Tsukuru recounted his story because his new girlfriend Sara wanted to know more about this emotional burden that has been hindering the relationship. More so, Sara wants Tsukuru to face his past. As Sara has once said:

You can hide memories, but you can’t erase the history that produced them.

This sets off the direction of Colorless with the ultimate rewards of Sara becoming Tsukuru’s serious girlfriend and Tsukuru getting to know exactly what went on with his four best friends abandoning him at the same time.

The good news is that this book is an entertaining read from beginning to end. The not so good news is that at the end of book, you still would not know the answers to the two ultimate questions. But here lies the brilliance of this book. We could imagine what the outcomes would be. But we may never grasp what is real. Like our main character Tsukuru once experienced. There are going to be plenty open questions.

And he couldn’t grasp the boundary between dream and imagination, between what was imaginary and what was real.

What I love most about Colorless is how well planned the plot is. Sara does not appear often in this book. But she drives the entire story. She uncovers the issues and she wants a resolution. Even as Tsukuru (and the readers too) has no clue on what to do next, Sara drops hints at the crucial moment on what is to come. She is like the prophet, always one step ahead. While many including I would debate on what Sara would do with Tsukuru when all is resolved, I am leaning towards a happy ending because Sara comes across to me as someone who knows exactly what she wants. Her moves are reliability predictable. I doubt she has any agenda except to remove this emotional burden of Tsukuru so that their relationship can move forward.

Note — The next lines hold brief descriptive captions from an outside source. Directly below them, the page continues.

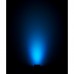 Briteq BT-AKKULITE IP - RGBWA acculamp, waterdicht, wireless DMX 22gr 10 uur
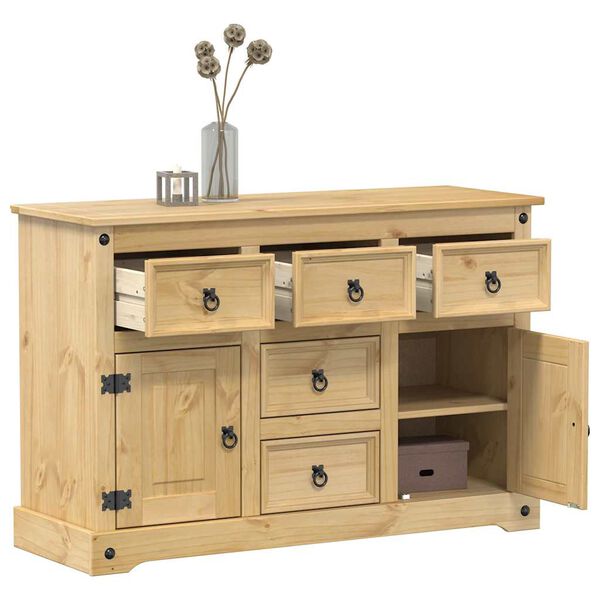 Viser produktbillede 2 af 10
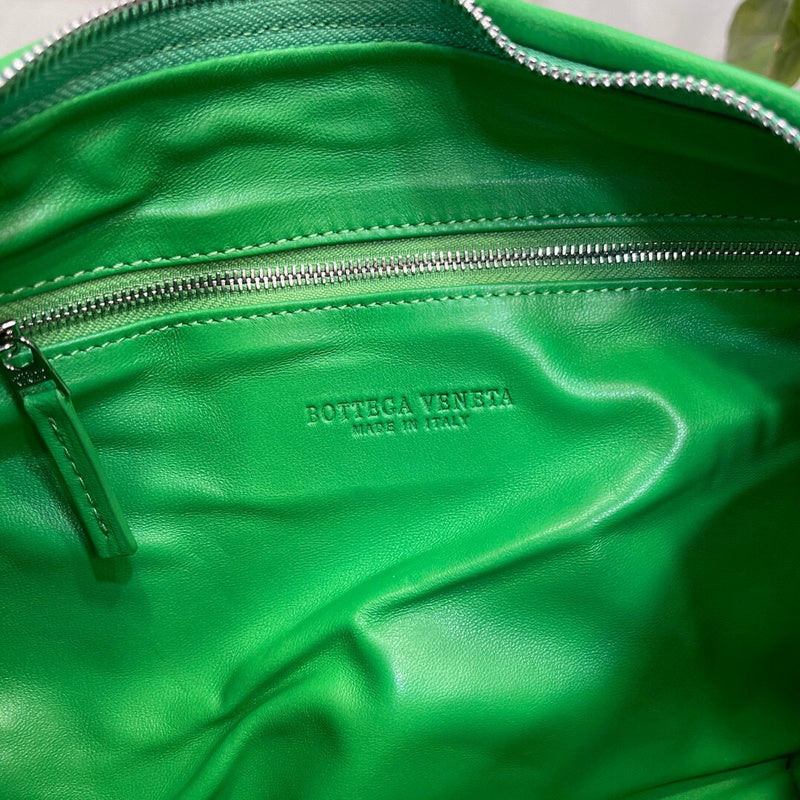 Aura Bags - BV Bags - 855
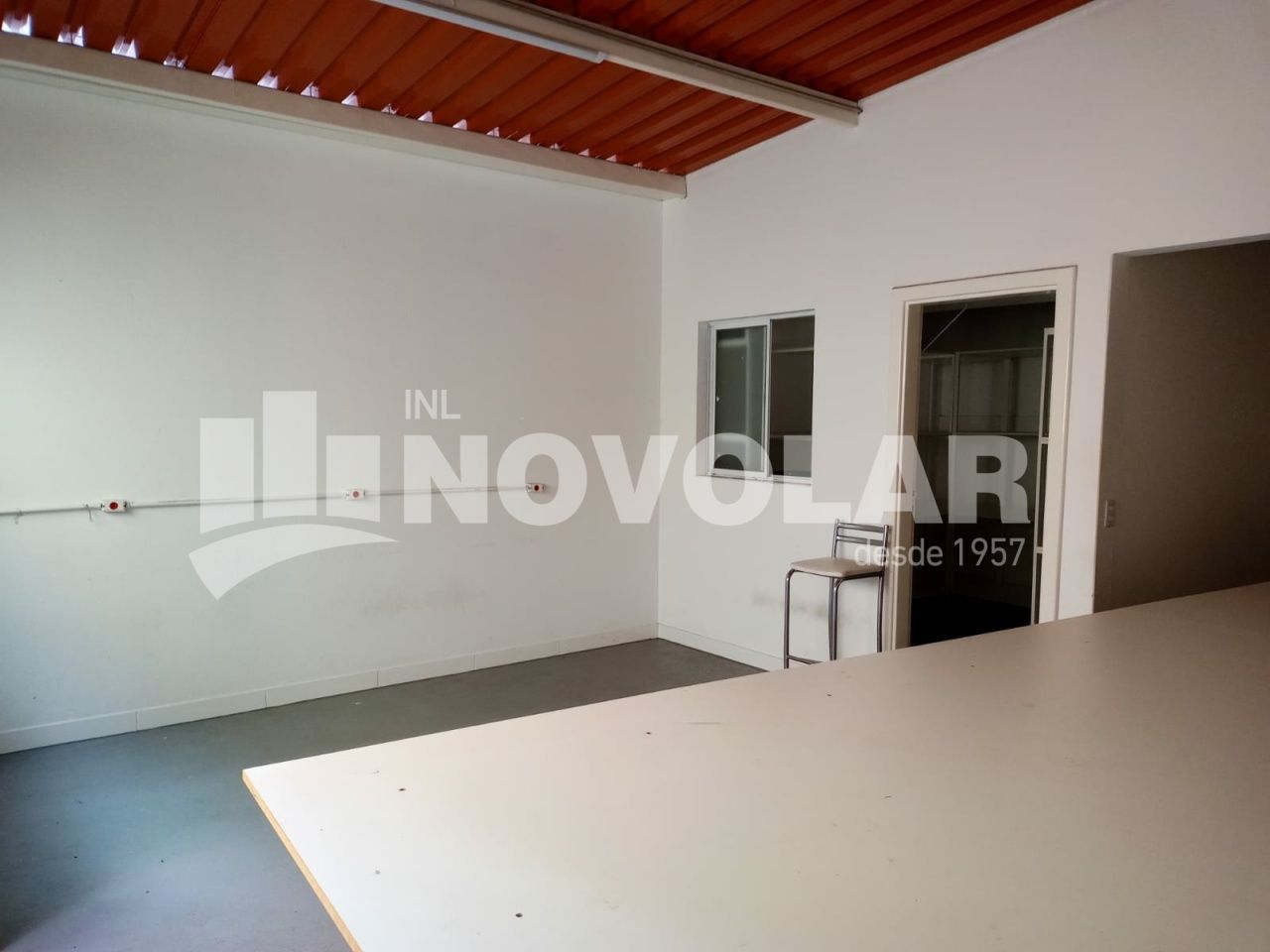 Foto 19 do imóvel VM216456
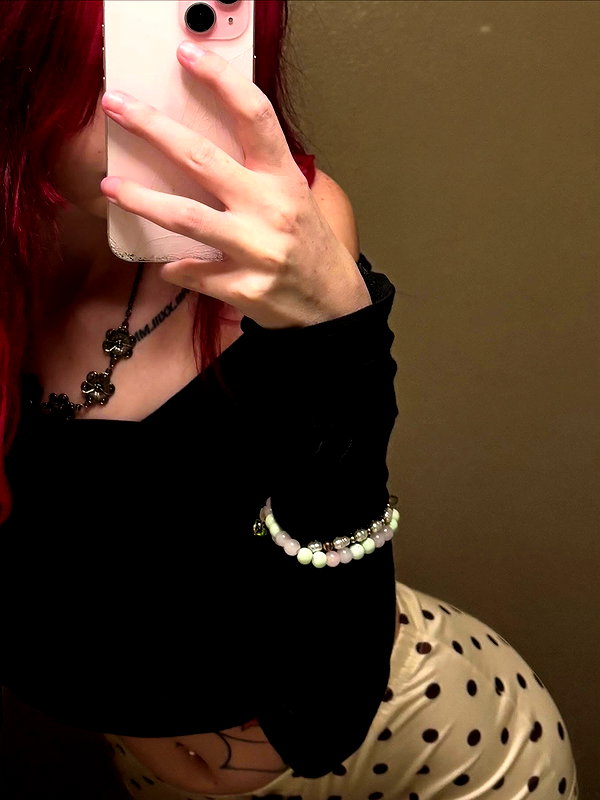 animechika_ instagram image archive image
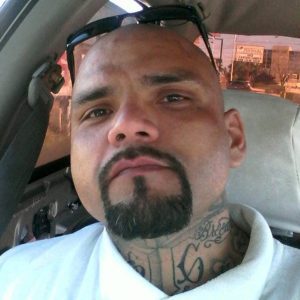 Juan Gabriel Torres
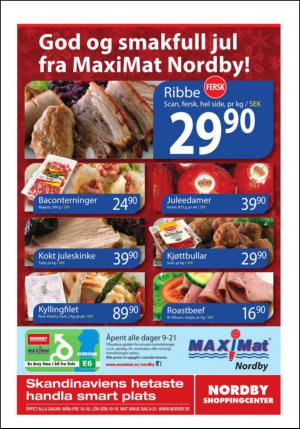 fremtiden-20131121_000_00_00_021.pdf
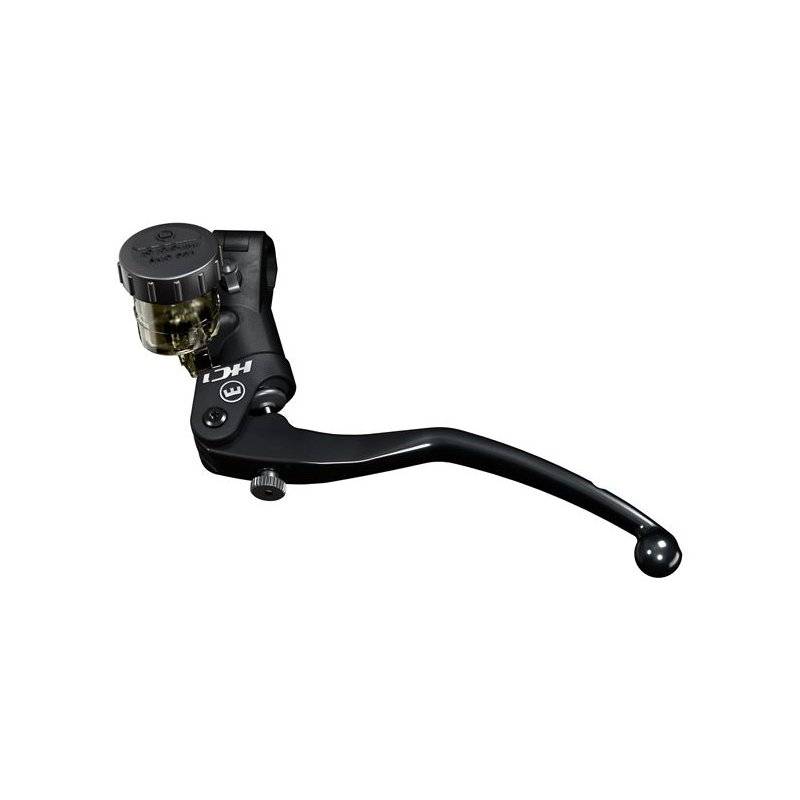 Magura Clutch-Master Hc1 D13 Oil von Magura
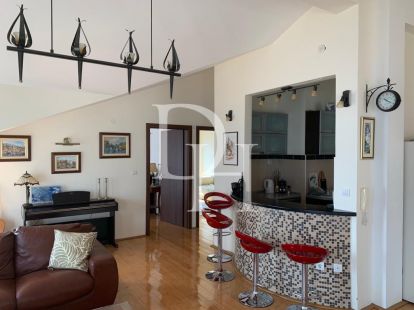 Апартаменты в Герцег-Нови, Черногория за 415 000€ (ID:72322)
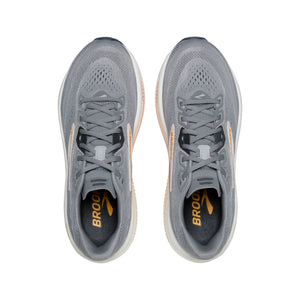 BROOKS GHOST 18 - FEMME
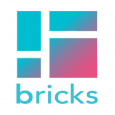 bricks app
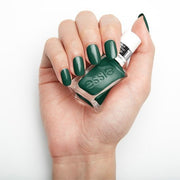 essie couture - in - vest style (13.5ml) Beauty & Personal Care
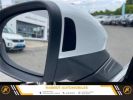 Volkswagen Golf 1.5 etsi evo2 150 dsg7 edition 50 BLANC ORYX  - 18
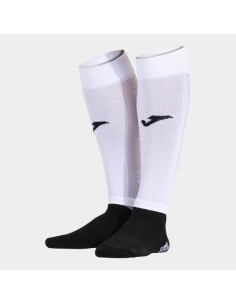 Kick Calf Blanco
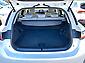 2013 Lexus Ct200h VERSION L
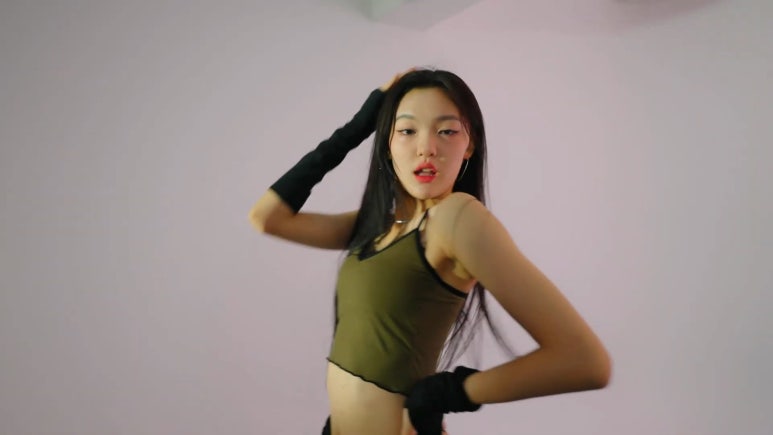 예나음악학원 이미지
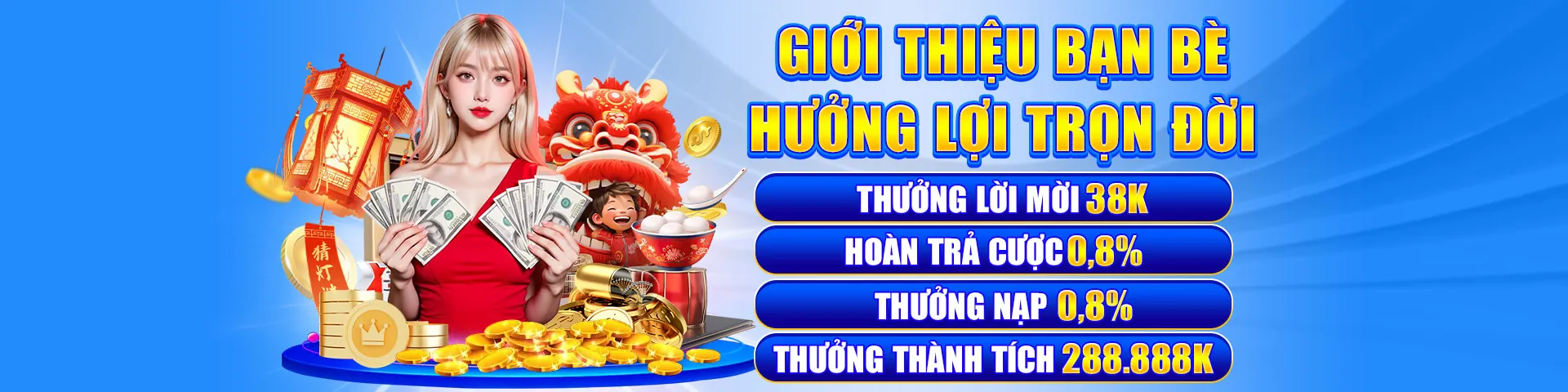 Sòng bạc trực tuyến 678bet với không gian giải trí sang trọng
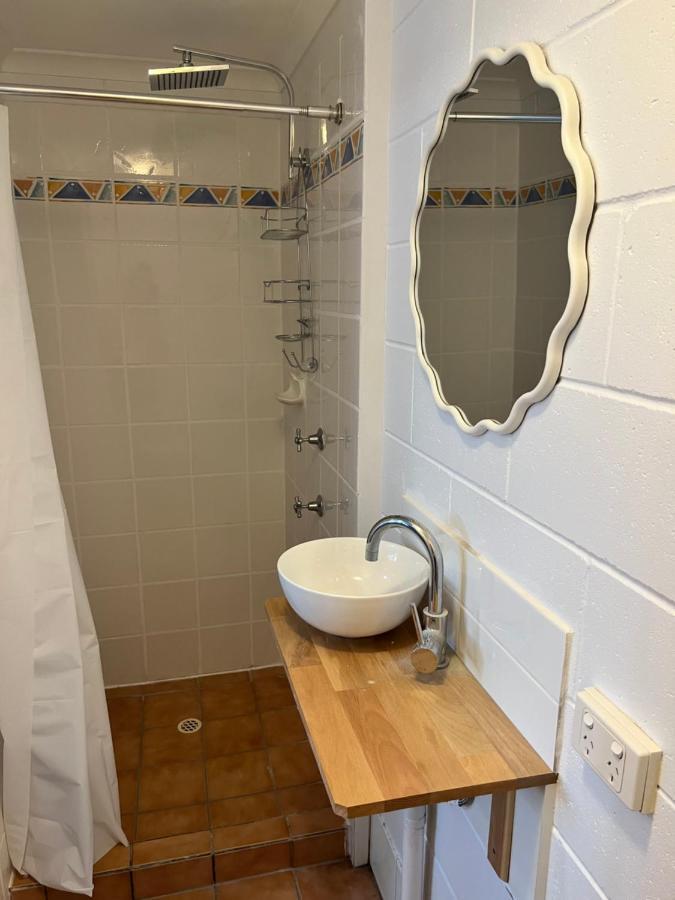 Cali Backpackers Hostel *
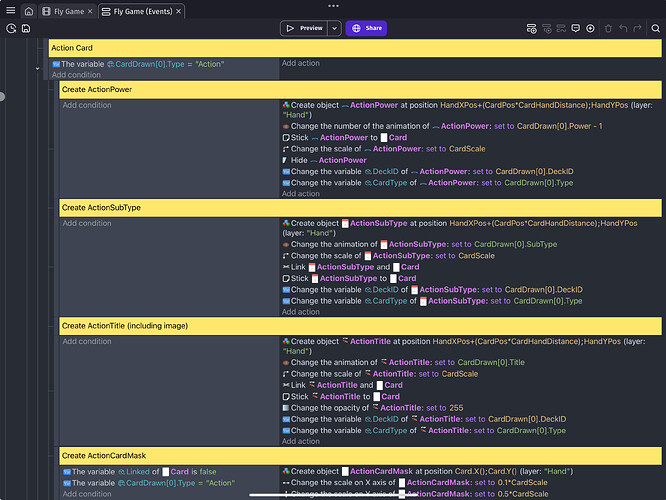 Screenshot 2026-01-28 at 11.29.38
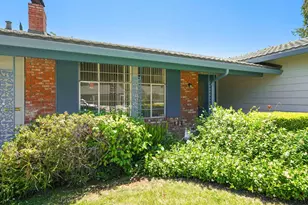 5120 Brookside Ct, Concord, CA 94521 - Photo 3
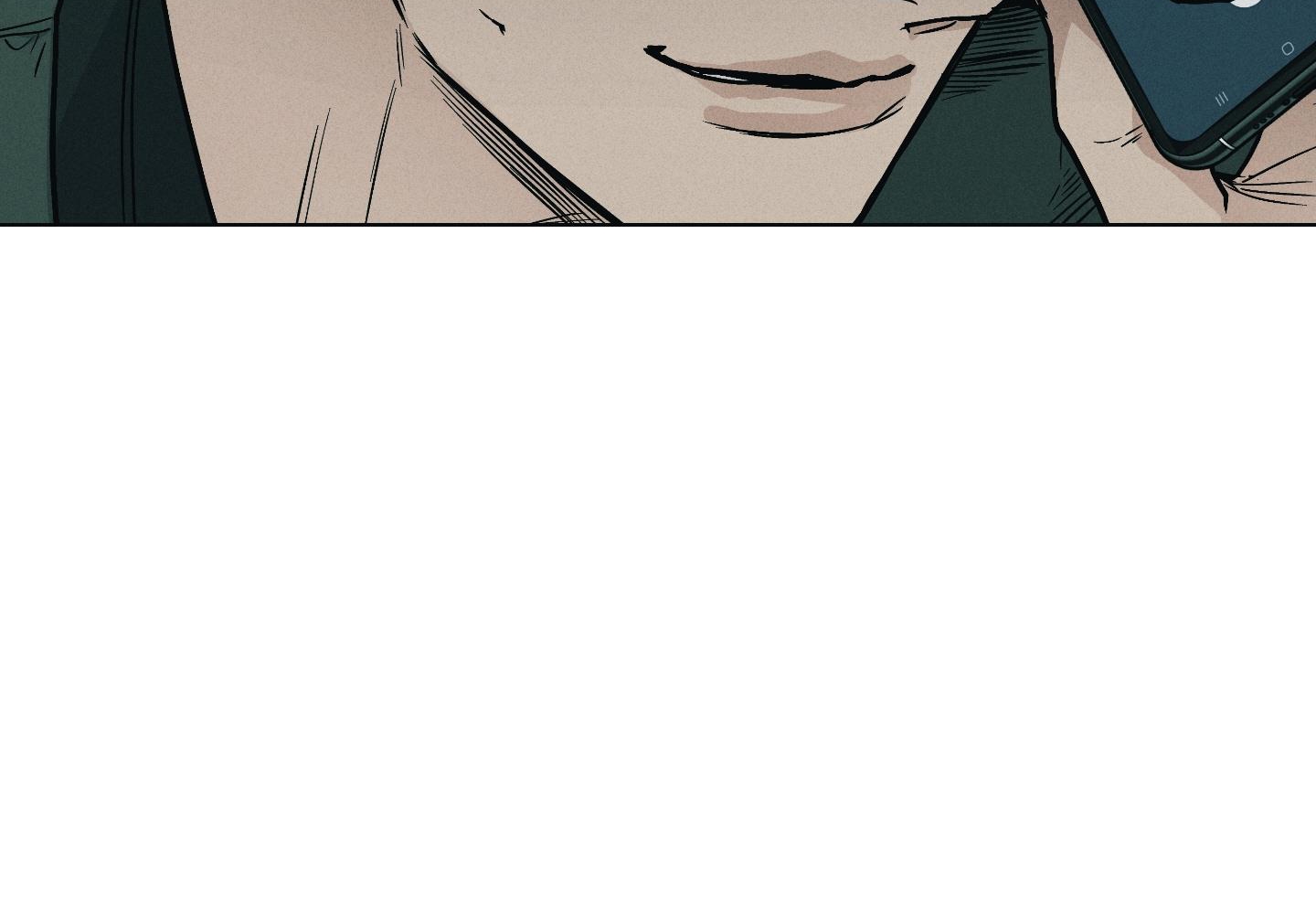 phục thù chapter 10 100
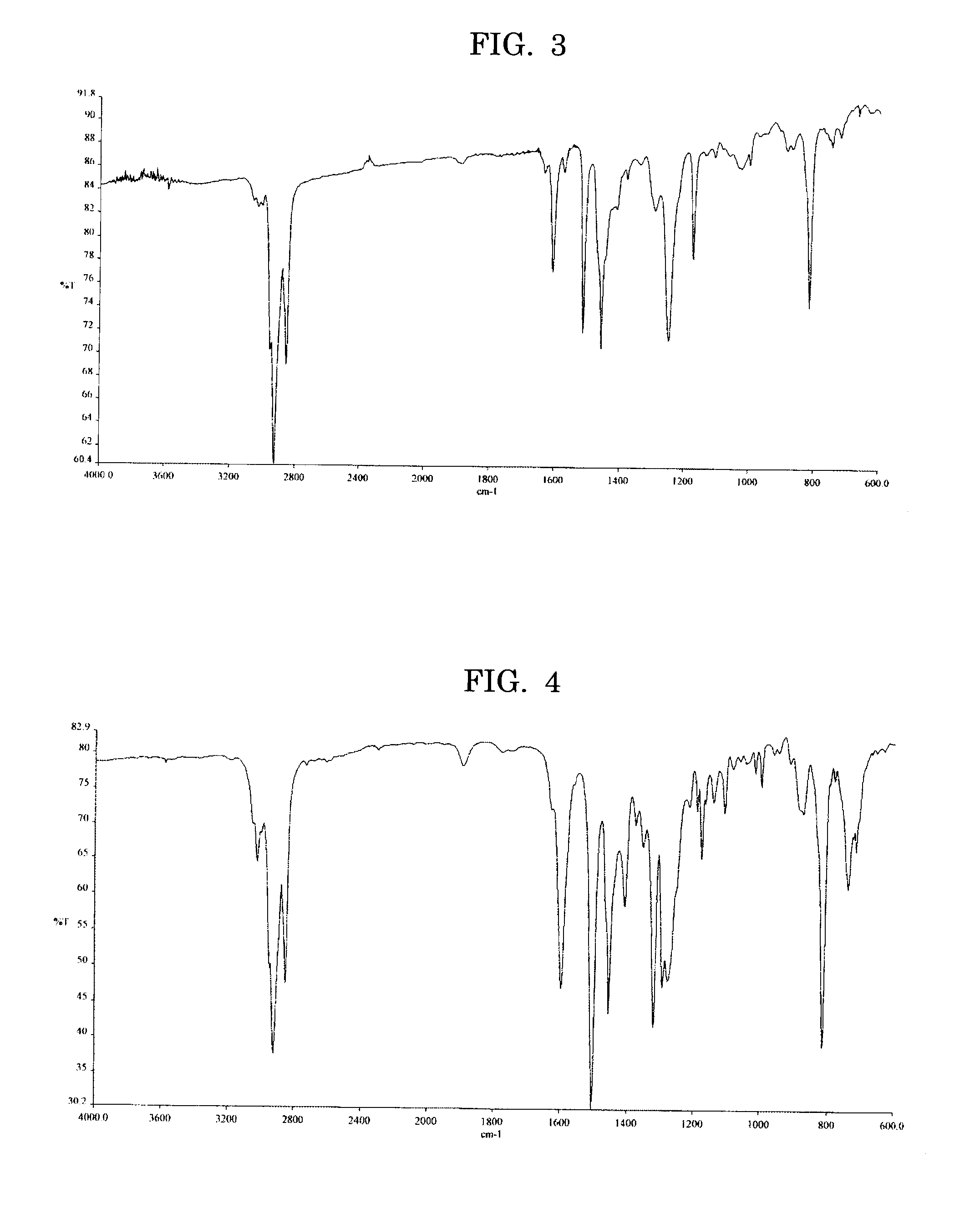 Pi-conjugated polymer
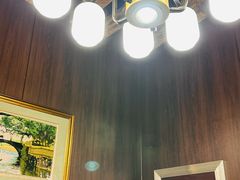 -山城辣妹子(定福庄店)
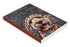 Cockapoo Colour Splash Notebook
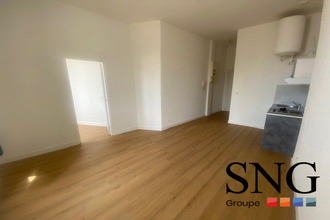  appartement marseille 13007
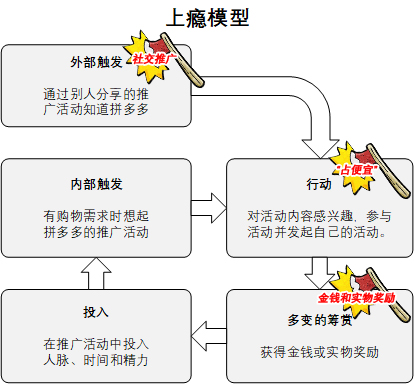 天猫超级品牌日 第38张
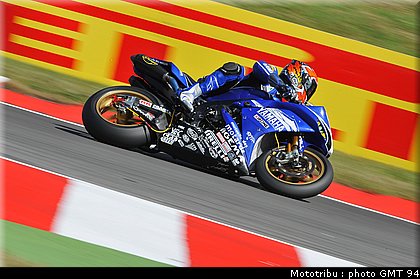 2008_brandshatch_10.jpg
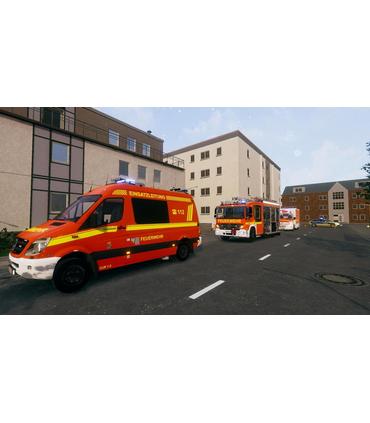 emergency-the-attack-squad-ps5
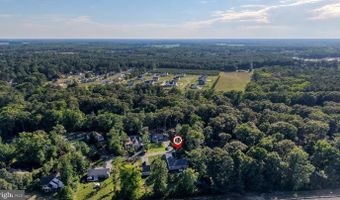 22285 HOLLY OAK Ln, Lewes, DE 19958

Now, the story between Sara and Tsukuru is easy to summarize. How the mystery unfolds is not. Because the subplots are subtly linked through different time lines and storyline. And how the dreams affect the imagination which in turn distort the reality adds another layer of abstract to the story.

Putting all that aside, there are consistent references to having to make hard decisions, though seemingly unrelated during my first read. Let’s think of body and heart.

In this dream, though, he burned with desire for a woman. It wasn’t clear who she was. She was just there. And she had a special ability to separate her body and her heart. I will give you one of them, she told Tsukuru. My body or my heart. But you can’t have both. You need to choose one or the other, right now. I will give the other part to someone else, she said.

(This would make a good conversation. In real life though, which would you choose and why?)

In the context of corporate ‘brainwashing’ though executive training:

I have some good news for you, and some bad news. The bad news first. We’re going to have to rip off either your fingernails or your toenails with pliers. I’m sorry, but it’s already decided. It can’t be changed. Here’s the good news. You have the freedom to choose which it’s going to be – your fingernails, or your toenails. So, which will it be?

(That pretty much sums up what real world can be like at work.)

And finally, the resolution.

“And in order to do that, I had to cut you off. It was impossible to protect you and protect her at the same time. I had to accept one of you completely, and reject the other one entirely.”

To go back to my leaning towards a happy ending, let’s go back to the final conversation between Eri (Kuro) and Tsukuru.

“But it’s strange, isn’t it?” Eri said.

“What is?”

“That amazing time in our lives is gone, and will never return. All the beautiful possibilities we had then have been swallowed up in the flow of time.”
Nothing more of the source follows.